GIVEN DATA:

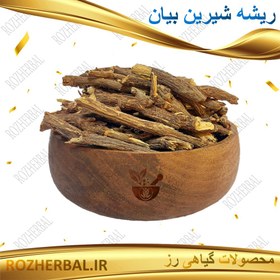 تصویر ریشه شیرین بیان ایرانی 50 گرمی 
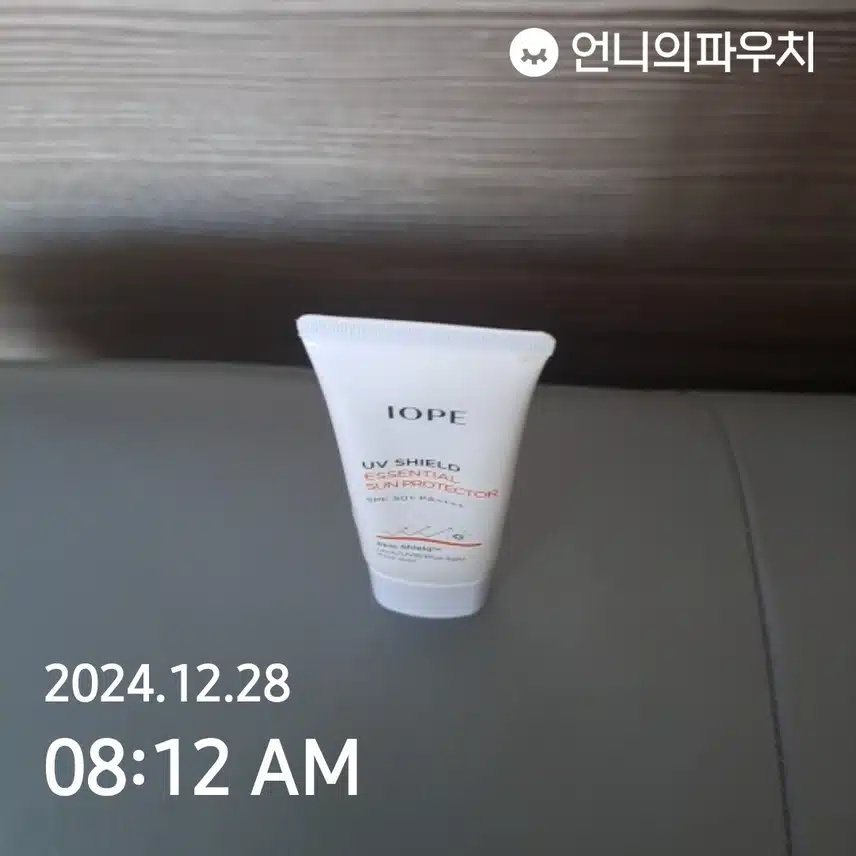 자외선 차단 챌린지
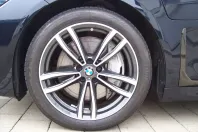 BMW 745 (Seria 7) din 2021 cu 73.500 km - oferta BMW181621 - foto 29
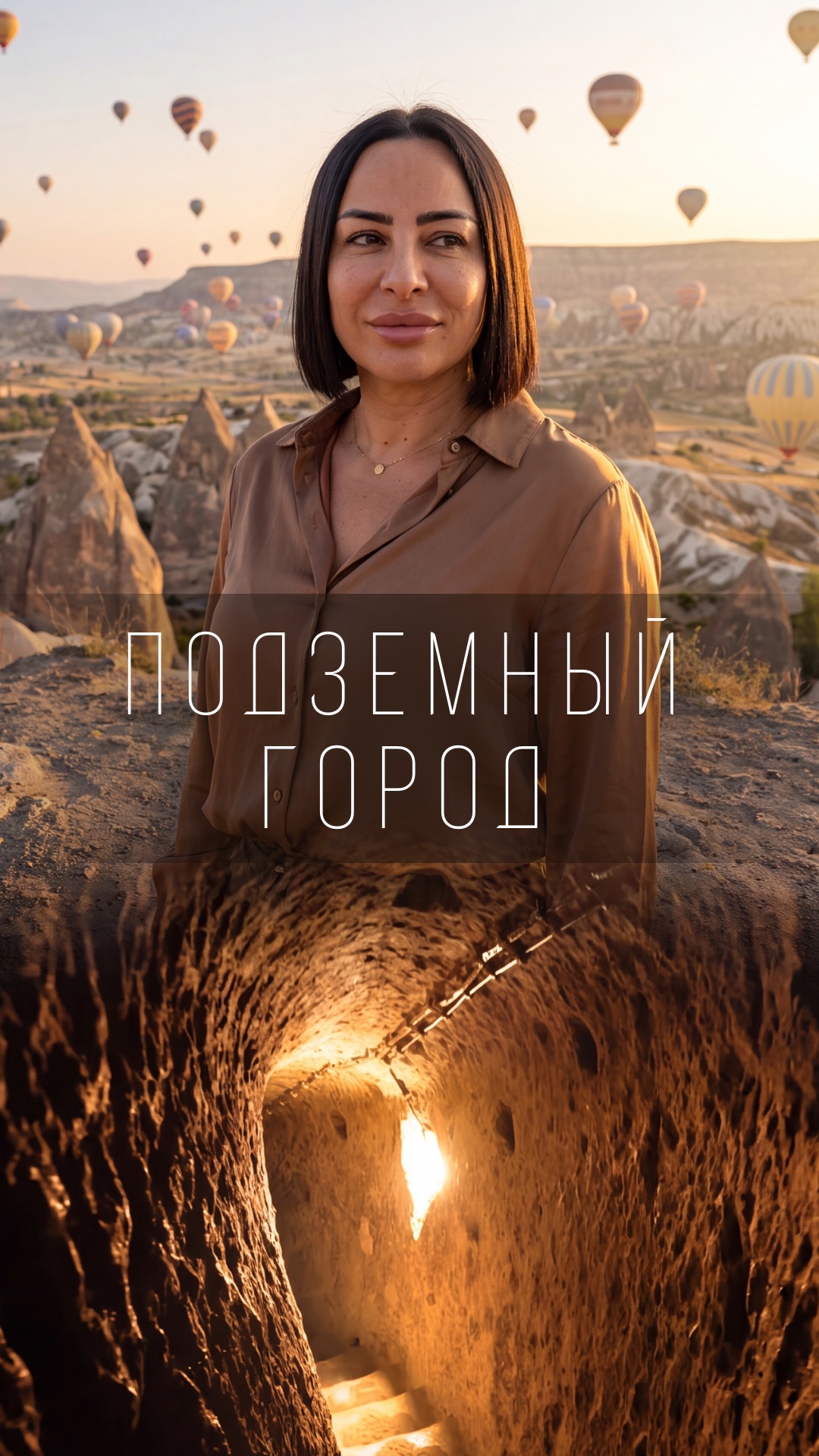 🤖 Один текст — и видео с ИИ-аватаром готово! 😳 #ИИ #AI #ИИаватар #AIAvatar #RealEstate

WHAT IS BEING ASKED:
The expected output is exactly the lines from the one containing "BMW 745 (Seria" through the last line of the listing, both included, with every picture left out.

ANSWER SECTION:
 BMW 745 (Seria 7) din 2021 cu 73.500 km - oferta BMW181621 - foto 29
 🤖 Один текст — и видео с ИИ-аватаром готово! 😳 #ИИ #AI #ИИаватар #AIAvatar #RealEstate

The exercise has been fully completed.